Lo problemático es que esto turbio no se deja investigar, pues nadie puede meter la nariz allí. No digamos la academia: ni siquiera los propios ministros civiles de Defensa, so pena de que su vida se vuelva imposible. Y alguna responsabilidad le corresponderá al Ejército nacional en el hecho, único en América Latina, de que Colombia siga siendo esa anomalía continental donde todavía hay varios grupos guerrilleros en el monte, donde hay también grupos paramilitares, donde unos y otros cultivan y exportan drogas, donde en las selvas se pudren miles de secuestrados. El Ejército colombiano es el que ha tenido las manos más libres para actuar, durante decenios, y el que no ha conseguido acabar con estos flagelos, pese a que sus métodos han sido brutales (y su brutalidad perdonada) en muchos casos.

Después de cuatro años de seguridad democrática, con la mejor tajada del presupuesto nacional para el Ejército, la cúpula de las Farc sigue prácticamente intacta, el negocio del narcotráfico sigue entre los paracos desmovilizados, y las acusaciones de cometer terribles violaciones a los derechos humanos no se detienen.
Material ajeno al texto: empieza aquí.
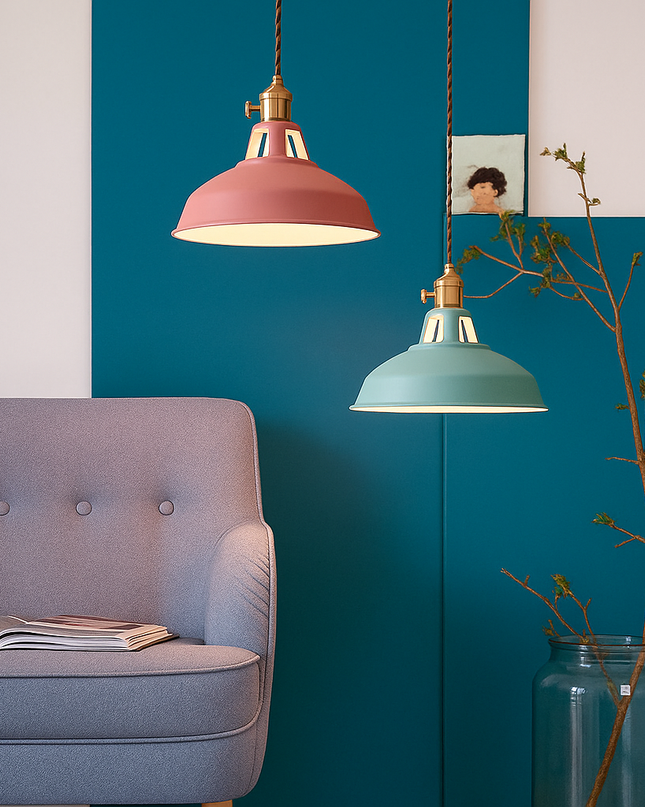 Industrialna lampa wisząca LED z kolorowym metalowym kloszem – Dome Design 7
Y como la justicia penal militar no funciona, después las indemnizaciones millonarias se las aplican al Estado desde el exterior, tal vez porque tan lejos no llega la mano intimidante del Ejército.

Ni siquiera puedo dar nombres y datos precisos de lo que escribo, y todo lo que digo lo escribo por indicios, por noticias fragmentarias de prensa, por susurros medrosos en las embajadas, por infidencias de funcionarios que estuvieron en el Ministerio de Defensa, pero en realidad, nadie se atreve a hablar abiertamente, nadie puede investigar al Ejército, y por eso mismo mantienen un fuero más allá de todo criterio racional. Después de la carnicería de Jamundí, y ahora que han condenado con inusual rigor a los soldaditos de la guaca y a los oficiales fugitivos (se fugan si los van a condenar), es el momento de que todo eso tan turbio que ocurre en el Ejército se investigue a fondo, se airee, se libere de su aire clandestino. Porque los militares no pueden ser intocables, ni seres de otro mundo, ni colombianos de otra categoría con quienes nadie puede meterse. Y si todo esto que digo es injusto, como me dirán, entonces que permitan a un grupo completamente independiente de investigadores que indaguen lo que ocurre ahí y nos digan a todos la verdad.